From Java, auto-generated by IDE:

/**
 * [Description]
 * @param str [Description]
 * @param isCondition [Description]
 * @return [Description]
 */
public int testFunction(String str, boolean isCondition) {
    ...
}

This is the same format used to generate the Documentation for the built-in language features - Example: http://download.oracle.com/javase/6/docs/api/java/lang/String.html

This format is quite helpful because it clearly shows to any third-party user how to interface with your code. If your functions are private methods that are only used internally, then it can be a little pointless - but I'd guess your teacher is trying to get you into a good practice until you are all experienced with making that distinction.

The only bit I often find somewhat redundant is the return description - Usually it's nearly identical to my method description.

1

There's two purposes for Comments:

  1. They serve to remind you quickly what your code does when you come back to it months/years later. This way you don't have to re-read and analyze your code to refresh your memory.
  2. They relay to other people who may be reading or working with your code what your code is doing.

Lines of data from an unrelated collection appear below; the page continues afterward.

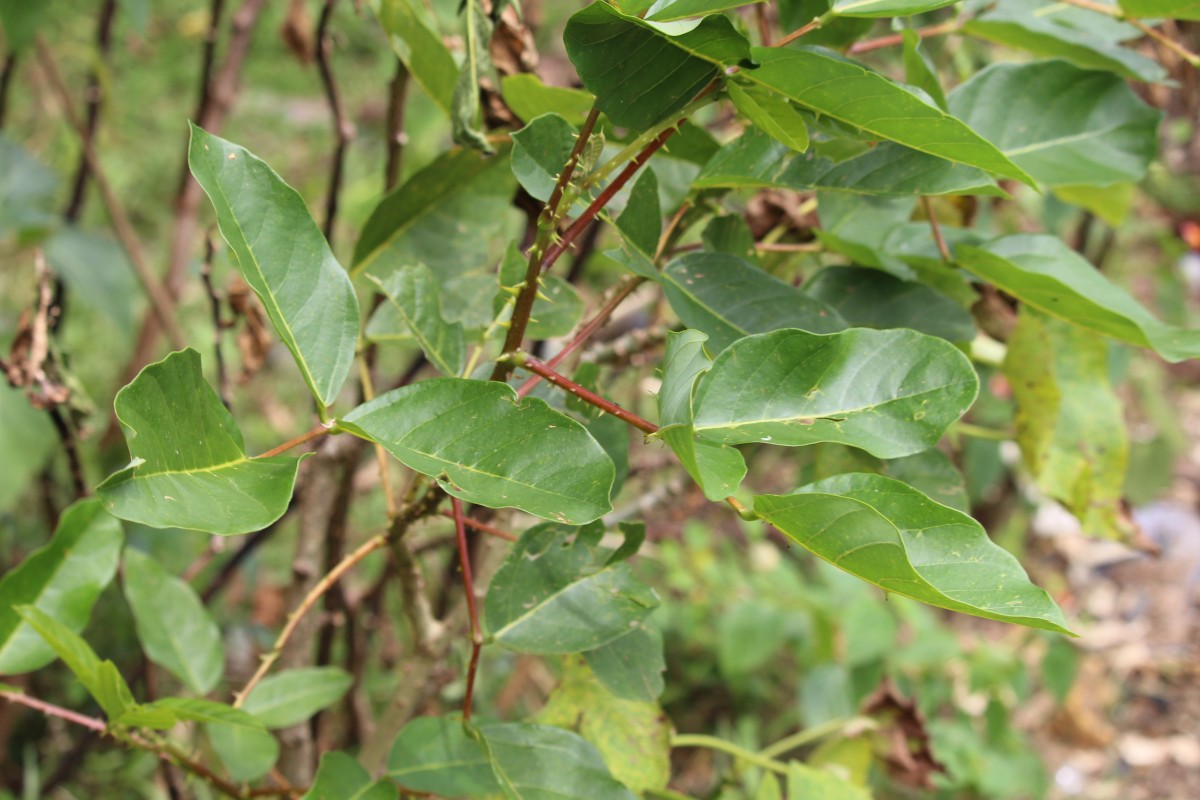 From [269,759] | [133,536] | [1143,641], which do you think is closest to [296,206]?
[269,759]

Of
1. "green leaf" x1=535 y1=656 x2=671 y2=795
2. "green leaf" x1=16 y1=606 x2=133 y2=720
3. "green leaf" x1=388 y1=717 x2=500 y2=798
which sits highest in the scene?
"green leaf" x1=16 y1=606 x2=133 y2=720

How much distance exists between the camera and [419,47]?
0.64 m

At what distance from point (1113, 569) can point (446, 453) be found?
289 centimetres

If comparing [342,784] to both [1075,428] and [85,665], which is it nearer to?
[85,665]

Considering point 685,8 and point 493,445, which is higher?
point 685,8

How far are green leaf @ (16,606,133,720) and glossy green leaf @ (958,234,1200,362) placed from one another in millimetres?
533

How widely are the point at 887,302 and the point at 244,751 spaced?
524 millimetres

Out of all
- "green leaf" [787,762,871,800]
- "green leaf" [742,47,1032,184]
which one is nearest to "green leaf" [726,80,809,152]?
"green leaf" [742,47,1032,184]

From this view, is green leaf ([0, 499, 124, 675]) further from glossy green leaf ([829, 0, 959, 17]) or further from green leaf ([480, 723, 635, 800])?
glossy green leaf ([829, 0, 959, 17])

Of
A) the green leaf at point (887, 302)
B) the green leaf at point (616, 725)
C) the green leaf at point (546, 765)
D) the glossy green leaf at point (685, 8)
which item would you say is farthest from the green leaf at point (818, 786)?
the glossy green leaf at point (685, 8)

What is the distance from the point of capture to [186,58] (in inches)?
130

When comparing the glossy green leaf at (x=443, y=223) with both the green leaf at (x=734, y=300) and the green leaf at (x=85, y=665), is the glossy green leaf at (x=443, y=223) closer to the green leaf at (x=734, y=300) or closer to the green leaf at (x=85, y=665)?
the green leaf at (x=734, y=300)

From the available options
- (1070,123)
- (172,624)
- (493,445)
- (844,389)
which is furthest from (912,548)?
(172,624)

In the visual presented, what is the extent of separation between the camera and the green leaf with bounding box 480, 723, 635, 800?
0.52 meters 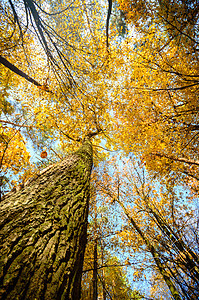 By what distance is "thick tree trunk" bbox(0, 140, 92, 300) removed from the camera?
0.77 metres

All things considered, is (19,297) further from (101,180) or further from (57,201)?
(101,180)

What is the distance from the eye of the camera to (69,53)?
16.6ft

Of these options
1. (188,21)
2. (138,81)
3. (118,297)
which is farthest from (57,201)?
(118,297)

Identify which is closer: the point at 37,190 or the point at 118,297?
the point at 37,190

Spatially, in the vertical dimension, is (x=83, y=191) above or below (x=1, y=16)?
below

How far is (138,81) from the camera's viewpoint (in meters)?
8.56

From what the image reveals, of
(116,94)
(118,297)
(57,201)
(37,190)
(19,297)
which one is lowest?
(118,297)

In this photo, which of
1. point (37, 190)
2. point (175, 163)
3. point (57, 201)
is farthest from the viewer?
point (175, 163)

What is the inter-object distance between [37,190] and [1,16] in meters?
6.30

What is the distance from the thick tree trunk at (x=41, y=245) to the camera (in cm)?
Answer: 77

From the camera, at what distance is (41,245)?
3.35 feet

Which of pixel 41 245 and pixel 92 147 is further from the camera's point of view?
pixel 92 147

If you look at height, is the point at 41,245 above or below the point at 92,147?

There's of course many MANY different ways to approach this but the more thorough and consistent you are the better. Effective commenting takes time to learn just as effective programming does. Keep in mind that its hard to see the point of comments in school as nothing you're working on is ever large enough to really warrant it but they're just trying to introduce it to you. And usually the way the teach you to do it is your professor's style not any sort of standard by any means. Develop what works for you. And remember... there is such a thing as a stupid comment! :) Example:

a += 1; //adds 1 to the value in a

Really? Thanks! LOL

0

I like the documentation from PHP website so I use something similar for my inline comments, and using PHPDoc syntax. See the example below.

/*
* Finds all the locations where you have access to for this client and returns them in an array .
* @author Radu
* @version 1.0
* @param int $id ( The id of the client for which you're requesting access. )
* @param object $db ( A resource of type Mysql, representing a connection to mysql database, if not supplied the function will connect itself. )
* @return array ( Returns array with id's of locations that you are allowed to see, an empty array if you do not have acces to any locations or returns FALSE and triggers a Warning if any error occuread )
* @use array allowed_locations ( $id [, $db] )
*/
function allowed_locations($id, $db=NULL){ ... }

And like @Larry Coleman said, inline comments should tell why you did some piece of code.

$funcResult = SomeFunction();
if(is_array($funcResult))
{    //Beacause SomeFunction() could return NULL, and count(NULL) = 1
    $c = count($funcResult);
} else {
    $c = 0;
}
if($c == 1)
{
 ... 
}else
{
 ...
}
0

If it's in the service of Doc generation then verbose comments (although irritating) are probably a good thing. Although you have to make it a team goal to stay on top of comments and keep them up to date.

If it's just the commenting style I would have issue with it. Excessive comments can hurt code just as much as help. I can't count the number of time I've come across comments in the code that were out of date and as a result misleading. I usually ignore comments now and focus on reading the code and the tests of the code to understand what it does and what is the intent.

I would rather have clear concise un-commented code. Give me some tests with descriptive assertions or methods and I'm happy and informed.